» EXERCISE DIRECTIONS
From the line that contains "FORD 2.4TDCi 140PS" to the last line of the records below, retype each line exactly; leave out everything else.

» INFORMATION
╭──

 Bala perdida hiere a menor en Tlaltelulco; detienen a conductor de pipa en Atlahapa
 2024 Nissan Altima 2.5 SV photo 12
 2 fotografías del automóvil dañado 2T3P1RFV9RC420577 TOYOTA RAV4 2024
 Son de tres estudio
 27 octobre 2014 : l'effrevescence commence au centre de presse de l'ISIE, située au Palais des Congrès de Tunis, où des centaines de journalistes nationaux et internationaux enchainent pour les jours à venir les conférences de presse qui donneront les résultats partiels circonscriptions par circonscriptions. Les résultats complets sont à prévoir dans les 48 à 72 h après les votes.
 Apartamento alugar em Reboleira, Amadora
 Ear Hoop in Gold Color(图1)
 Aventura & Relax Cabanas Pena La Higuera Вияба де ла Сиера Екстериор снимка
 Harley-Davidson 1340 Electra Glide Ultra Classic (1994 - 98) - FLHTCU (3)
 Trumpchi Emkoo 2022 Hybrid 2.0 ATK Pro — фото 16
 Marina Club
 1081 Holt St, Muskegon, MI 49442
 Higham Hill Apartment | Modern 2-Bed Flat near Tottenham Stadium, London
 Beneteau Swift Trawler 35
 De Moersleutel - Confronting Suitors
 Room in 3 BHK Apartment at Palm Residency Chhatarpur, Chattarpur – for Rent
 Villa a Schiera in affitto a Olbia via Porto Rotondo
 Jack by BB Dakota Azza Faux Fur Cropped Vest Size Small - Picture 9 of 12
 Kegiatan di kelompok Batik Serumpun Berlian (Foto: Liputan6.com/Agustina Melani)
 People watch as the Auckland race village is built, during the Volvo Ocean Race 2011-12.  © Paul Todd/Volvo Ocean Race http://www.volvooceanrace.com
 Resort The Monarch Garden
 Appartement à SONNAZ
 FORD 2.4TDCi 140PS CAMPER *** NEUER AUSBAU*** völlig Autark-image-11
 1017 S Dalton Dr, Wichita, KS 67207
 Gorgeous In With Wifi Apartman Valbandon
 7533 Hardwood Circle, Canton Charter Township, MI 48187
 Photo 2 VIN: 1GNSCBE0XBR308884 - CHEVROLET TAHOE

╰──

» RESULT
 FORD 2.4TDCi 140PS CAMPER *** NEUER AUSBAU*** völlig Autark-image-11
 1017 S Dalton Dr, Wichita, KS 67207
 Gorgeous In With Wifi Apartman Valbandon
 7533 Hardwood Circle, Canton Charter Township, MI 48187
 Photo 2 VIN: 1GNSCBE0XBR308884 - CHEVROLET TAHOE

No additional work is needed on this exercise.